I thought Leiter did a pretty good job in his previous turns in the booth during the playoffs last year. He’s pretty knowledgeable, fairly articulate and, for the time being, manages to keep quiet about his thoughts on the punitive nature of a progressive income tax and the moral quicksand of reproductive rights. Pair him with Al Michaels — who managed to get a few digs in at John Kerry on Monday Night Football last year — and it’d be nasty. But up against the bedrock progressivism of Seaver — a central valley agrarian populist from the old school — and Keith Hernandez’s pragmatic New Democratic approach, and we the viewing public should be fine.
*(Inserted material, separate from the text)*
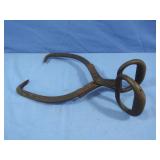 Vintage Iron Ice Block Tongs, 15"L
I do kind of wonder why the Mets insist on using Healy as a play-by-play guy, though. Sure, play Marlon Anderson at first base, but don’t impose The F-Job on us as our primary source of audio information. This is New York, not Fernwood, and I’m not having that.
I’m not going to be able to do this story justice, but a friend of mine who worked for a few years in the Marlins organization related a story from spring training:
Local radio guy is asking AJ Burnett about how great Al Leiter’s influence will be on him, how much he’ll learn, etc. Burnett, who’s from Arkansas, nods along with the question, then replies: ‘Yeah, yeah, it’ll be great, I’ve already learned so much. Al’s just like Bill Clinton–everything he says, you believe.”
The reporter finds Leiter a few hours later, tells him there’s something he’d like him to hear. “Al’s just like Bill Clinton.” Leiter flies into a rage: “You liberal! You set him up! Don’t you dare use that on the air! You fucking liberal!”
But apparently it was basically a friendly performance, and the story ended there.